Hay un lugar cercano a Cafernaún que la tradición dice que fue el monte del famoso sermón. Lo he visto y contemplado y es posible que allí sucediera algo. Me imagino a Jesús con unas ideas muy claras sobre lo que ha de ser el judaísmo correcto, el judaísmo de los profetas, de los hombres como Juan el Bautista. Es un Jesús ya maduro, con sus treinta años encima, y con ganas de predicar aquello que sus intensas experiencias con el Bautista o con algún maestro esenio le impulsan a pregonar. Hay que imaginarse las corrientes contraculturales y críticas del momento que tenían como blanco la corrupción del Templo de Jerusalén, las connivencia del establishment saduceo con los romanos, la cultura gentil griega de ciudades como Escitópolis y otras con influencia y población griega. Jesús es un hombre contestatario que cree que la religión debe de ser más seria e ir al corazón de la gente en lugar de las apariencias y el formalismo o como pretexto para vivir bien y lavar la conciencia de los hipócritas.

Podría seguir imaginándome cosas y más cosas porque cuando miro el paisaje galileo, las montañas cercanas o lejanas, los caminos, la población actual, el cielo; las nubes y el Lago de Genesaret, creo que veo la realidad: estoy viendo lo que Jesús pudo ver cuando miro a las montañas lejanas: eso es algo que puedo compartir con él, cuando miro al Mar de Galilea, me lo puedo imaginando mirando también a este lago tan familiar y prosaico hasta cierto punto: lugar de pescadores amigos, de gente conocida, de meditaciones calladas. Luego la sinagoga y la lectura de los rollos y la seriedad de Yavé o Yah o lo impronunciable.
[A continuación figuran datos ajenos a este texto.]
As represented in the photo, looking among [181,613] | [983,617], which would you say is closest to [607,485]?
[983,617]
Nazareth hoy día es una ciudad de 40 mil habitantes que junto a otros pueblos de los alrededores forma una zona urbana algo densa y con tráfico intenso. En Nazareth saqué dinero de un cajero y bebimos agua mineral Nestle. Nazarteh es una ciudad que vive del turismo, que tiene una población árabe importante y que al lado mismo de la iglesia de la Anunciación hay un anuncio bastante grande y visible en inglés que dice: “No hay más camino que Alá y todos aquellos que buscan otra cosa que no esté escrita en el Corán están perdidos.” Un mensaje de verdadera tolerancia islámica precisamente en el pueblo donde mejor podrían demostrar su “tolerancia”. Pero no es así y la gente del buen rollito progre española o de otros sitios deberían de tomar nota: Esta gente no miente, dicen lo que realmente siente y sin miedo o inhibición alguna, aunque sea en el mismo Israel tan “represivo” y tan “fascista”, según ellos; aunque sea en Nazarteh. Pónganse señores a escribir algo parecido en un anuncio publicitario y en clave cristiana en Medina, La Meca, Fez, Teherán. Estamos muy ciegos.